Par exemple Barry Lyndon, où de grandes scènes sont essentiellement éclairées à la bougie. Ce qui a nécessité la fabrication d’objectifs spéciaux et de pellicules pour le cinéma qui n’existaient pas avant pour capter plus de lumière et ainsi tourner ces scènes en basse lumière. Et pourtant quand on regarde ce film cela ne saute pas aux yeux que ce film est compliqué techniquement.
Un autre défi plus récent, Gravity. Sans le savoir-faire technique du directeur photo et l’ingéniosité des techniciens le film n’aurait jamais pu se faire.
Un autre exemple que j’aime beaucoup, c’est Aviator, où cette fois-ci le directeur de la photographie, Robert Richardson, pour retrouver le grain et la texture d’image des grands films des années 40, a tourné avec les solutions techniques de l’époque, et a ainsi redonné vie au Technicolor l’espace de quelques scènes.
Un directeur photo est-il un réalisateur frustré ?
Il est plutôt le bras droit du réalisateur. Le directeur de la photo accompagne le réalisateur dans ses choix de narration en y mettant son savoir-faire.
Tu as quelques collaborations régulières. Jean-Luc Herbulot, Romain Basset… à quel point la complicité est importante dans ton métier sur le binôme ?
Faire un film c’est très difficile et c’est une grande aventure. Pour certains, on part en guerre, pour d’autres, on fabrique un bébé; mais dans les deux cas on a besoin d’un noyaux dur constitué de personnes auxquelles on doit faire confiance pour avancer.
Quand on part faire un long métrage, on part pour plusieurs semaines, voire plusieurs mois et il faut que le dialogue passe facilement.
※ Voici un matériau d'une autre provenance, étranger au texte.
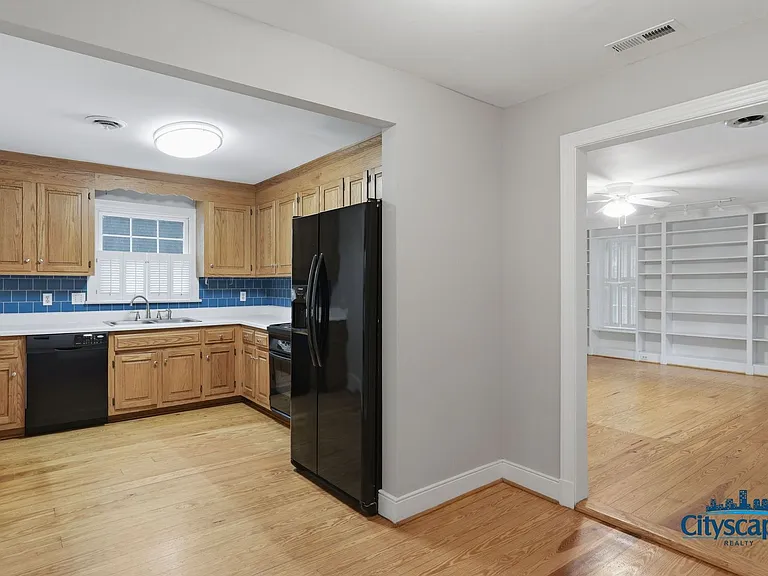 1612 Greenfield Dr — Photo 10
Si on commence à perdre du temps pour se comprendre mutuellement ou à prendre des pincettes pour se parler, c’est autant d’énergie qui ne se retrouvera pas dans le film.
Quand on sait le peu de temps que l’on a pour fabriquer un film, et si on connait le réalisateur on lui fait des propositions artistiques sur lesquels on sait qu’il va accrocher rapidement, et même parfois, on tente de le pousser à faire des choix qu’il hésitait à faire.
Qu’est-ce qu’un bon réalisateur du point de vue du directeur photo ?
Un bon réalisateur est quelqu’un qui sait raconter une histoire à travers ses comédiens. Qui sait de quoi parle son film et comment il veut le raconter; et qui arrive à nous l’exprimer de manière simple.
C’est aussi quelqu’un qui nous met face a des situations qu’on aurait bien aimé éviter et cela nous pousse à constamment revoir notre façon de travailler.
Parlons de ton travail. Ce qui frappe le plus, c’est ton jeu de lumières et des couleurs. C’est ta marque de fabrique ?
Quand je réfléchis à l’image d’un film que je prépare, je sais déjà où le réalisateur veut emmener le film.
J’essaie ensuite d’amener une évolution de la lumière en fonction de l’évolution de l’histoire. Cela peut être une évolution du contraste en fonction de ce qui se passe dans le film. Éclairer un personnage d’une certaine manière pour refléter sa psychologie et ainsi aider à raconter l’histoire du réalisateur via l’image.
Que ce soit lumineux ou par les couleurs, esthétiquement j’aime le contraste et ce qu’il apporte à une image. On peut guider l’oeil sur plusieurs points de l’image grâce au contraste et ainsi faire cheminer l’oeil pour qu’il découvre les différents détails du film. Mais j’aimerai bien me confronter à un film où le contraste desservirait l’histoire, et voir ce que je peux faire de l’image.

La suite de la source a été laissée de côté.